Thanks for the website reference. I do know how to search but sometimes end up in a muddle...too much info and decisions to be made and I just go round and round. I have also applied for low income senior housing but there's a 3-5 year wait at least in the area I targeted. I will check this site out too. Thank you.


----------



## Aunt Bea (Oct 27, 2017)

grapenutpudding said:


> Thanks for the website reference. I do know how to search but sometimes end up in a muddle...too much info and decisions to be made and I just go round and round. I have also applied for low income senior housing but there's a 3-5 year wait at least in the area I targeted. I will check this site out too. Thank you.



If the goal is to go into low income senior housing I would definitely rent until your name comes up.  The 3-5 year waiting lists touted for senior housing tend to move more quickly than people are led to believe.  Many people that sign up for senior housing make other arrangements and don't care to move, go into assisted living, skilled nursing facilities or die before they reach the top of the list.  When a vacancy in senior housing does come up and they actually start making calls names tend to drop quickly from the list.

Good luck!


----------



## grapenutpudding (Oct 27, 2017)

Aunt Bea said:


> If the goal is to go into low income senior housing I would definitely rent until your name comes up.  The 3-5 year waiting lists touted for senior housing tend to move more quickly than people are led to believe.  Many people that sign up for senior housing make other arrangements and don't care to move, go into assisted living or skilled nursing facilities or die before they reach the top of the list.  When a vacancy in senior housing does come up and they actually start making calls names tend to drop quickly from the list.
> 
> Good luck!



Thanks! I want to go back to my home state and have applied there but applying as a non resident means a longer wait time supposedly. But as you say, it may be sooner. : )


----------



## Aunt Bea (Oct 27, 2017)

grapenutpudding said:


> Thanks! I want to go back to my home state and have applied there but applying as a non resident means a longer wait time supposedly. But as you say, it may be sooner. : )

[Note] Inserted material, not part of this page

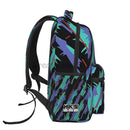 HKS Retro Pattern Backpack for Men Women Teenage Student Hiking Travel Daypack JDM Drift Turbo Car Laptop Computer Canvas Bags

If you are not working and you want to return to your home state I would start looking for a market rate apartment in your preferred location and move now, none of us know what the future holds and we should all try to live the best life we can imagine.

Good luck!


----------



## grapenutpudding (Oct 28, 2017)

Aunt Bea said:


> If you are not working and you want to return to your home state I would start looking for a market rate apartment in your preferred location and move now, none of us know what the future holds and we should all try to live the best life we can imagine.
> 
> Good luck!



Market rate apartments are too expensive there - hence my wondering if I should try and buy a small condo. I also always thought about "ending up there" and was going to wait a few more years until I got into housing there but I also understand your point and we really don't know what the future holds. I recently moved here but don't like it too much and either want to go back to where I moved from (but a different area) or go to home state. Too many decisions without much clarity. Thank you! You sound very sensible!


----------